January 18, 2017

Recognising te reo

Those of you on Twitter will have seen the little ‘translate this tweet’ suggestions that it puts up. If you’re from or in New Zealand you probably will have seen that reo Māori is often recognised by the algorithm as Latvian, presumably because Latvian also has long vowels indicated by macrons.   I’ve always been surprised by this, because Latvian looks so different.

It turns out I’m right.  Even looking just at individual letters, it’s very easy to distinguish the two.  I downloaded 74000 paragraphs of Latvian Wikipedia, a total of 6.5 million letters, and looked at how long the Latvians can go without using letters that don’t appear in te reo: specifically, s,z,j,v,d,c, g not as ng, the six accented consonants, and any consonant at the end of a word. On average, I only needed to wait five letters to know the language is Latvian rather than Māori, and 99% of the time it took less than 21 letters.

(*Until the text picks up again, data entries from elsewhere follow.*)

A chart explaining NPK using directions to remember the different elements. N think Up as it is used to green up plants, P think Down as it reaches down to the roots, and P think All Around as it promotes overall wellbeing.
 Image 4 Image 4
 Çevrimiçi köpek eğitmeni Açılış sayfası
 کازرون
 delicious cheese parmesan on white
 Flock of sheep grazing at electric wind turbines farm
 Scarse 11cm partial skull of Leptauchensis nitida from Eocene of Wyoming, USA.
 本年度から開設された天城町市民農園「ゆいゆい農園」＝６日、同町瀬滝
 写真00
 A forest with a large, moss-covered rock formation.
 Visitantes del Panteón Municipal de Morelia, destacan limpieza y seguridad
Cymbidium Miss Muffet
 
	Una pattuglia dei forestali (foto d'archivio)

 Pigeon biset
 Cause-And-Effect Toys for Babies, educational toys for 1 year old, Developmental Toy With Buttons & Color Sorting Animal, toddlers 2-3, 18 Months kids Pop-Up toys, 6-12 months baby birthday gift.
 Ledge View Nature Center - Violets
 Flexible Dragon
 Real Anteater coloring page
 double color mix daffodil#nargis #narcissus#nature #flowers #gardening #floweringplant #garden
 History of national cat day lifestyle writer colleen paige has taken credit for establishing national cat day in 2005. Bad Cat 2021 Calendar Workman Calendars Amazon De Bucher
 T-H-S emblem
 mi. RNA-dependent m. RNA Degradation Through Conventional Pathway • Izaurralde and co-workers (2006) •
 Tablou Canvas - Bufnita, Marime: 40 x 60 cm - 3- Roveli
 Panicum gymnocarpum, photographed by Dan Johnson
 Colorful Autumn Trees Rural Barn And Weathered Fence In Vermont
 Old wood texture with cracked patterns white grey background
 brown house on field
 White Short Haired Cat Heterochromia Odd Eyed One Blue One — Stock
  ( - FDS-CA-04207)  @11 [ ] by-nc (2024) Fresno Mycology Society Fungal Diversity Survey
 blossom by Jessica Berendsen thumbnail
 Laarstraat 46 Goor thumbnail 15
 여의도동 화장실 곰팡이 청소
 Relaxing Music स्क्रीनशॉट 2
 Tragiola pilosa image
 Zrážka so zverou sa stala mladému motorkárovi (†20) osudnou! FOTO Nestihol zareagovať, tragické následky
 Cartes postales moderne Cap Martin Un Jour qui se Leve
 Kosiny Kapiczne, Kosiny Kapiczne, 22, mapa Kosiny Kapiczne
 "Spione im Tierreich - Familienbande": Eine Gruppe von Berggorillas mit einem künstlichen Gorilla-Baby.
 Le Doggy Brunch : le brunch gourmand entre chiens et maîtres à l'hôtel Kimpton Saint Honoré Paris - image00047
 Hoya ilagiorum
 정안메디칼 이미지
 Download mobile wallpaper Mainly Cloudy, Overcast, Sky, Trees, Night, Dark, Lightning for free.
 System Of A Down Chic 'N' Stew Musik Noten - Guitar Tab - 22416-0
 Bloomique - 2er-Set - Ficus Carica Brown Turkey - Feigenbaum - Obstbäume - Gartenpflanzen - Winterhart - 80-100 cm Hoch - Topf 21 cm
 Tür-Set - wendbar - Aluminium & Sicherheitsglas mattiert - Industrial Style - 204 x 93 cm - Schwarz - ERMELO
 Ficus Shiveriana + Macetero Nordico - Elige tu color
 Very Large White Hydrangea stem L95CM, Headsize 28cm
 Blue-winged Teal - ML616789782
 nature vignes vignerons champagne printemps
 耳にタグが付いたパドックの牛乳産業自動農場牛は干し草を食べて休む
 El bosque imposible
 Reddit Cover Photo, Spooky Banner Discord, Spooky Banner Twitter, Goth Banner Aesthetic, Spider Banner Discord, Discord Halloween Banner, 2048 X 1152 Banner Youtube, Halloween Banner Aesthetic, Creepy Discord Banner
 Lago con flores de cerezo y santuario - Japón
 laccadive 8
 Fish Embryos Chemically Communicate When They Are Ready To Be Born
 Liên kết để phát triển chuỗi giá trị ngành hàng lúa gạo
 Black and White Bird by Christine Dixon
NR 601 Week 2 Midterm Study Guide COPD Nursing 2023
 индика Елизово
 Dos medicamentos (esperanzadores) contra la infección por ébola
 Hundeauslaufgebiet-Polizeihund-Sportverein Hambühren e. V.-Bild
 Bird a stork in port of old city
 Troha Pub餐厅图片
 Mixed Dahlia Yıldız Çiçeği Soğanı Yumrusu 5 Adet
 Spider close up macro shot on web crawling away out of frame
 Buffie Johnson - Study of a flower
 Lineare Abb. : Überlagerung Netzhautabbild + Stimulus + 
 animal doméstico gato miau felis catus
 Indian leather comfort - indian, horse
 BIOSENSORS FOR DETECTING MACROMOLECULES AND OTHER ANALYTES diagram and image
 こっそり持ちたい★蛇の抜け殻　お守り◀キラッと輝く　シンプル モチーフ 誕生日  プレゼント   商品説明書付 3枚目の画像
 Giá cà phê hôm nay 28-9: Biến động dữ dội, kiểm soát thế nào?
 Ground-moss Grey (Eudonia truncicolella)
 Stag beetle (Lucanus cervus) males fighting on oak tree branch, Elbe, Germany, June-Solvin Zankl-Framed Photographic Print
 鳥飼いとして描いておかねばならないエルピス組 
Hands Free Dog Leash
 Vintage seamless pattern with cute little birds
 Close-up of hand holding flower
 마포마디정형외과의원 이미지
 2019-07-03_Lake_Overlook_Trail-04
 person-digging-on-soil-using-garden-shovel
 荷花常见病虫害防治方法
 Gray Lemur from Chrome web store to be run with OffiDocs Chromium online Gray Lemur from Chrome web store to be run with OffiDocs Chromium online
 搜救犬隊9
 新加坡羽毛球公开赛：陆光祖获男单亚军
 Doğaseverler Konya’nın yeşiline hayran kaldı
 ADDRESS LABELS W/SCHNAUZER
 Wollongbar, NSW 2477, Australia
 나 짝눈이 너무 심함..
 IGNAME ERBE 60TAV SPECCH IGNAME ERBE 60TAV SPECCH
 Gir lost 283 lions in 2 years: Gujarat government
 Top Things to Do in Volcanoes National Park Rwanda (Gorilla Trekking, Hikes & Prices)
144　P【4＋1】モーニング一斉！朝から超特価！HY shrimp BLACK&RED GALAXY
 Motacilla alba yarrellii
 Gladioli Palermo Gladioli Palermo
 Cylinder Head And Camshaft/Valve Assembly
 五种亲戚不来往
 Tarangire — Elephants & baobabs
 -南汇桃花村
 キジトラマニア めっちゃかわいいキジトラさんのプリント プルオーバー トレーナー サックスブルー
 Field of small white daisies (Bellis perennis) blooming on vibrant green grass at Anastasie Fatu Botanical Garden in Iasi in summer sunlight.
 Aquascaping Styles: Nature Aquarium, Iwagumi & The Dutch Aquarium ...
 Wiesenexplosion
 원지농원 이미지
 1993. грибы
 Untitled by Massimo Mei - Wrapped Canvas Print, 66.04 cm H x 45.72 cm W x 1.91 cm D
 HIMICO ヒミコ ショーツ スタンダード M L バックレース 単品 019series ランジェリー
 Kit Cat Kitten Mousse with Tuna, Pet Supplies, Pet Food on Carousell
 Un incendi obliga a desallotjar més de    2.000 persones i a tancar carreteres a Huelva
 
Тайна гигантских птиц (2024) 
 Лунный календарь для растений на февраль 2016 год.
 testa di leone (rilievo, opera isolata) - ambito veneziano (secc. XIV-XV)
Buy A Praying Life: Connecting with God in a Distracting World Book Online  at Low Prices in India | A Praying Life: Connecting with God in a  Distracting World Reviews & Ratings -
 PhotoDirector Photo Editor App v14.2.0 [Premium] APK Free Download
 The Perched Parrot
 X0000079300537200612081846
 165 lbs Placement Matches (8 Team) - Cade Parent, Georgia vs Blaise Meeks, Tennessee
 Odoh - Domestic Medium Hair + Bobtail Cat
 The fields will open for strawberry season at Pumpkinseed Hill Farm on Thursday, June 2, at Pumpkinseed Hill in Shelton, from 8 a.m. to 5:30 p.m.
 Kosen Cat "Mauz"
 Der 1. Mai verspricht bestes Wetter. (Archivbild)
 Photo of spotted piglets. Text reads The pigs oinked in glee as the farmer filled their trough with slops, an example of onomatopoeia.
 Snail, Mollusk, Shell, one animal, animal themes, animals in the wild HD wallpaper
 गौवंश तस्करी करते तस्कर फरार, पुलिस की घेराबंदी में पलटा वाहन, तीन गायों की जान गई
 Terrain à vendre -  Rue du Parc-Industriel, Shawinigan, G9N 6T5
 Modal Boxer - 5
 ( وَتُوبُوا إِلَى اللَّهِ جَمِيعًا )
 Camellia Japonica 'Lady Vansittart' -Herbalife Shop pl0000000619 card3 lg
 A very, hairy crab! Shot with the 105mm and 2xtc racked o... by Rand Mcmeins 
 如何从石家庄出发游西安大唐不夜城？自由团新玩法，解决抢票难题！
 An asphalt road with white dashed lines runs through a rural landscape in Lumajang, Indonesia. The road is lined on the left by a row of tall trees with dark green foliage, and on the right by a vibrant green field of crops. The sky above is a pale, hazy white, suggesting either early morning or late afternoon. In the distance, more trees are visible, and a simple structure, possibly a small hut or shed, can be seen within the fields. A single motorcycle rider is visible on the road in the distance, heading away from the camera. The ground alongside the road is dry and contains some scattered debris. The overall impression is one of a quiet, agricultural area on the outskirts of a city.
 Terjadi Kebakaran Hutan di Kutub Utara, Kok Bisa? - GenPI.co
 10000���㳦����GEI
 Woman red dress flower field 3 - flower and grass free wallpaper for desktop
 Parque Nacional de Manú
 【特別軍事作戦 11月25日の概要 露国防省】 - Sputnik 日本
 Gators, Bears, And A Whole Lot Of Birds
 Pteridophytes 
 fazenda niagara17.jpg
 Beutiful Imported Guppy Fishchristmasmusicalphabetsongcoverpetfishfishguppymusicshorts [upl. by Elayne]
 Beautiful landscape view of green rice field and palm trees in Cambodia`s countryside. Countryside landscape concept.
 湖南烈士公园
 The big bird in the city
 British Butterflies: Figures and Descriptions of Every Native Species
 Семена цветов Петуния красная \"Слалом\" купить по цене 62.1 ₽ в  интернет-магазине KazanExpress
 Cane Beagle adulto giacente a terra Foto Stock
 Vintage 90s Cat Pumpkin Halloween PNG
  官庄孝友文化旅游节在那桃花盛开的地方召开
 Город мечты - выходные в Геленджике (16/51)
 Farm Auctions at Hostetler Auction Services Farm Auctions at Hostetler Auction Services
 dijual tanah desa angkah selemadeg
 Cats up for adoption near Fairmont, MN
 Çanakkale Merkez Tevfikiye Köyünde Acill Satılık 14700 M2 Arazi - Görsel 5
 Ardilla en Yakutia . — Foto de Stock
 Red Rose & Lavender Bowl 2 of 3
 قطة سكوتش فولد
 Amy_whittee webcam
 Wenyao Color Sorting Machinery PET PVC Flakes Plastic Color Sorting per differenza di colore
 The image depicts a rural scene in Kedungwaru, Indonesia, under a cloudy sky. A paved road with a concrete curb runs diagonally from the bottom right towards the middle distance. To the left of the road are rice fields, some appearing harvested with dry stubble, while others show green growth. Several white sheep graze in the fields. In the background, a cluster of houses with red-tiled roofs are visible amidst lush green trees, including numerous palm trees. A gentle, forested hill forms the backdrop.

Another language that Twitter often guesses is Finnish. That makes more sense: many of the letters not used in Māori are also rare or absent in Finnish, and ‘g’ appears mostly as ‘ng’.   However, Finnish does have ‘s’, has ‘ä’ and ‘ö’, and ‘y’, and has words ending in consonants, so it should also be feasible to distinguish.

 

Update: Indonesian is another popular guess, but it has ‘d’,’j’,’y’,”b”, and it has lots of works ending with consonants.  The average time to rule out te reo is slightly longer, at nearly 6 characters, and the 99th percentile is 22 letters.  So if the algorithm can’t tell, it should probably guess it’s not Indonesian.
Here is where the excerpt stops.